= Extinct agricultural crops =

Formerly cultivated plants

Extinct agricultural crops, or lost crops, are crops that were once cultivated, but have become extinct over time, or have not been maintained in cultivation. This decline has been driven by modern farming practices, climate change, and shifts in consumer preferences. Preserving this agricultural heritage is essential for maintaining food diversity, supporting cultural traditions, and promoting food security in the face of global challenges.

== Examples of lost crops ==
=== Eastern North America ===
Before maize (corn) became the dominant crop, Native Americans in Eastern North America cultivated a variety of native crops for sustenance. This group of plants, known as the Eastern Agricultural Complex, included species such as erect knotweed (Polygonum erectum), goosefoot (Chenopodium berlandieri), sumpweed (Iva annua), maygrass (Phalaris caroliniana), and little barley (Hordeum pusillum). These crops were dietary staples for thousands of years. However, as maize farming became more widespread, the cultivation of these native crops declined and eventually faded from general agricultural practices.

=== Andean region ===
In the high mountains of South America, indigenous communities have long cultivated a variety of root crops alongside the well-known potato (Solanum tuberosum). Some of these lesser-known tubers include oca (Oxalis tuberosa), mashua (Tropaeolum tuberosum), and ulluco (Ullucus tuberosus). These root crops thrive in harsh mountain climates and have played a crucial role in the diets and cultures of Andean communities. However, factors such as colonial influence, intensive agriculture, and globalization have led to a decline in the cultivation of these traditional crops.

===Africa===
African lost crops include the native rice Oryza glaberrima and Ethiopian oats.

===Kashmir===
Kashmiri lost crops include the buckwheat species, Fagopyrum esculentum and Fagopyrum tataricum, and the minor millets, Setaria italica and Panicum miliaceum.

== Impact of industrial agriculture and monoculture ==
Industrial agriculture, which features massive mechanised farming operations, has revolutionised food production and consumption patterns.
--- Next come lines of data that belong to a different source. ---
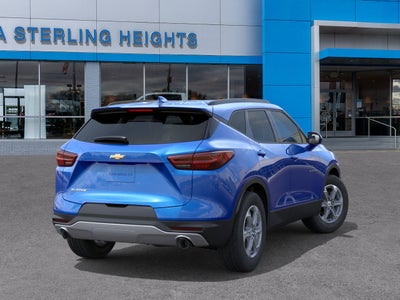 2026 Chevrolet Blazer 2LT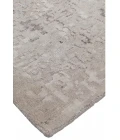 Harounian Fantasy White FA-630 8 ft. X 10 ft. Rectangle Rug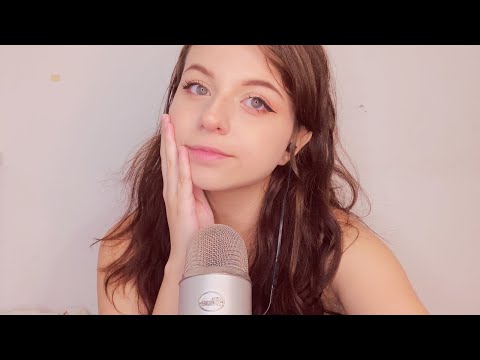 ASMR : Posso cuidar de você ?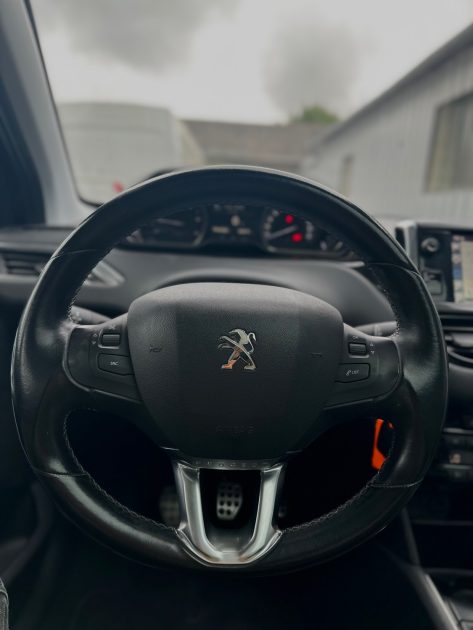 PEUGEOT 308 2016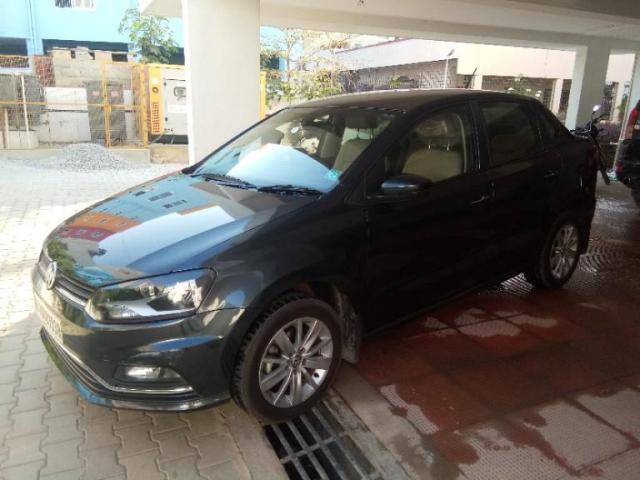 Volkswagen Ameo Highline 1.5L (D) 2017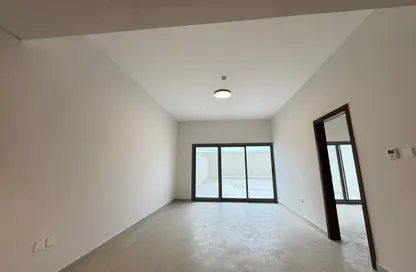 Apartment - 1 Bedroom - 2 Bathrooms for rent in Garden Residences - Emirates City - Ajman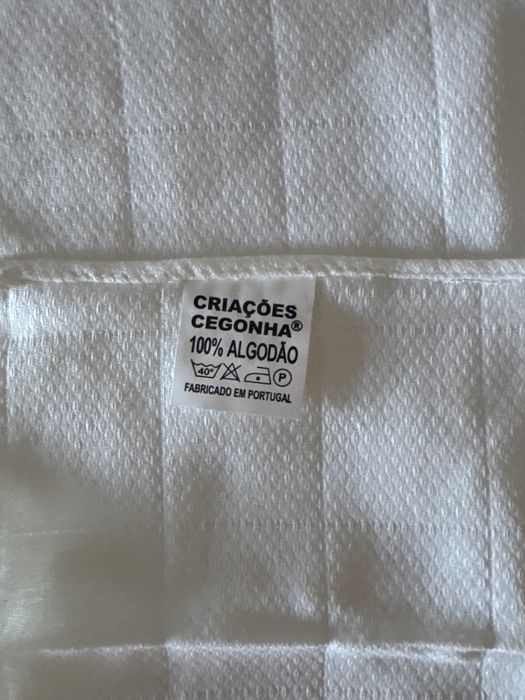 Fralda de bebé pintada à mão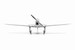 Pilatus P-2-05 A-124 Silver/Aluminium (1963)  85.001551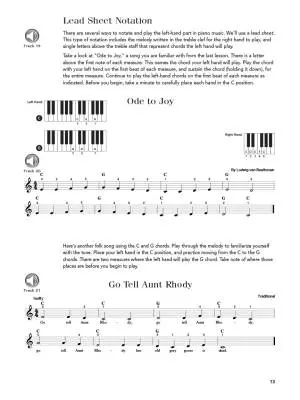 Play Piano Today! Level 1 (Updated & Revised Edition) - Stosur - Book/Audio Online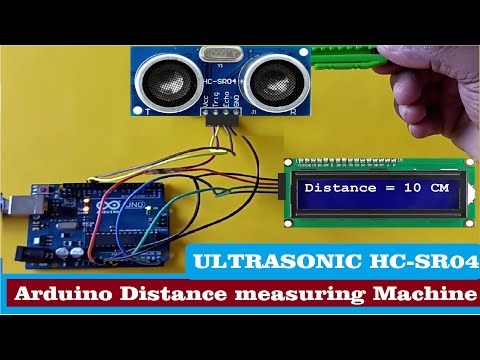 Measure Linear Distance Arduino Distance measure using Arduino β SKYNET ROBOTICS
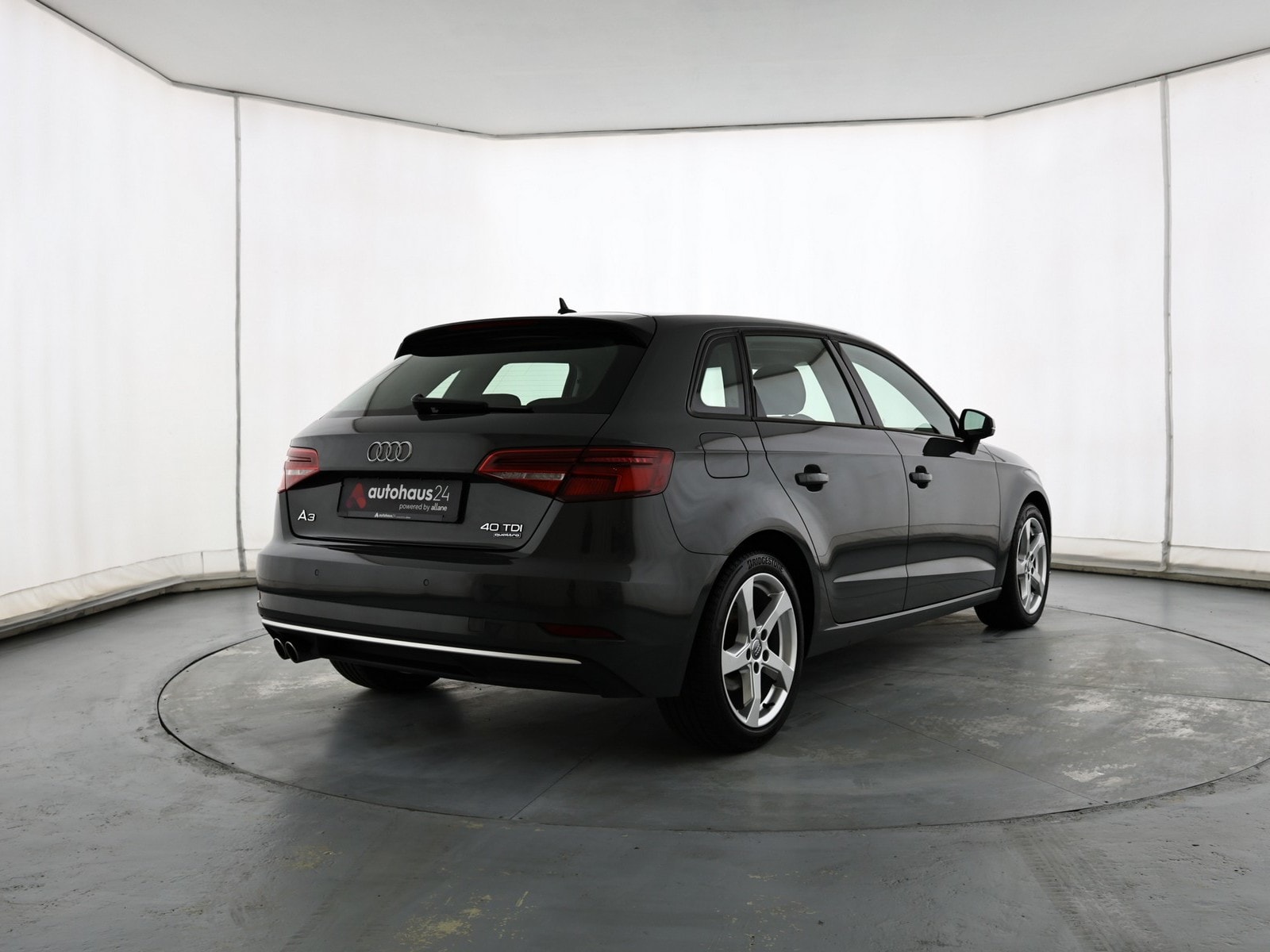 Audi A3 Limousine A3 Sportback 40 TDI quattro sport (E6d-T) #5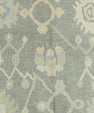 Turkish Oushak Rug 10'8" x 14'1" #12118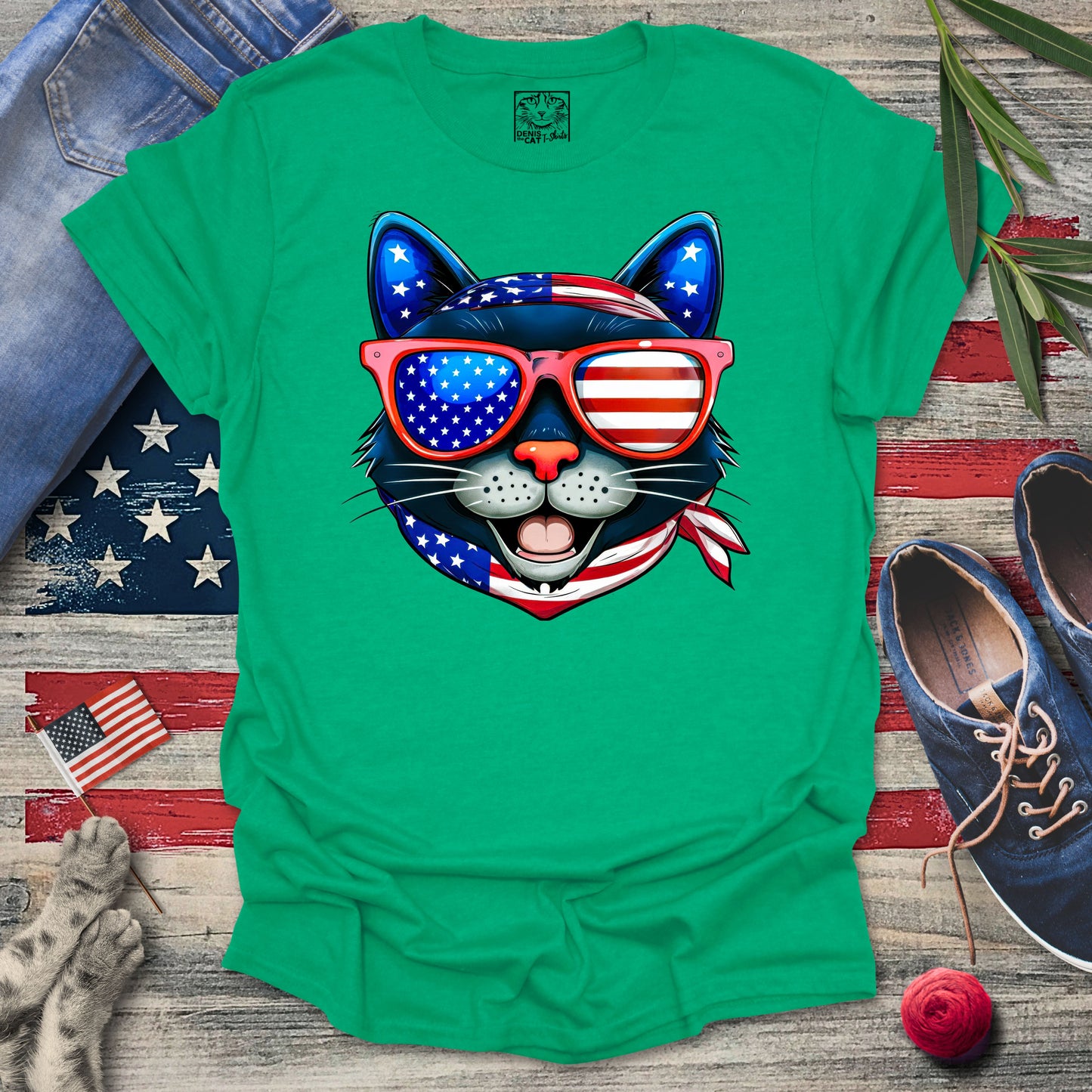 Uncle Sam Has Whiskers 2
The growth of industrial farming systems pushed traditional farming diversity into marginalisation. The core element of industrial agriculture is monoculture which involves planting one crop across large agricultural areas. Monoculture makes it easier to plant and harvest crops and produces immediate financial profits. The trend of agricultural production toward fewer but larger farms has resulted in decreased crop diversity. The elimination of diverse plant species through monoculture production harms both pollinators and wildlife populations, which depend on these species for survival thus disrupting natural ecological systems.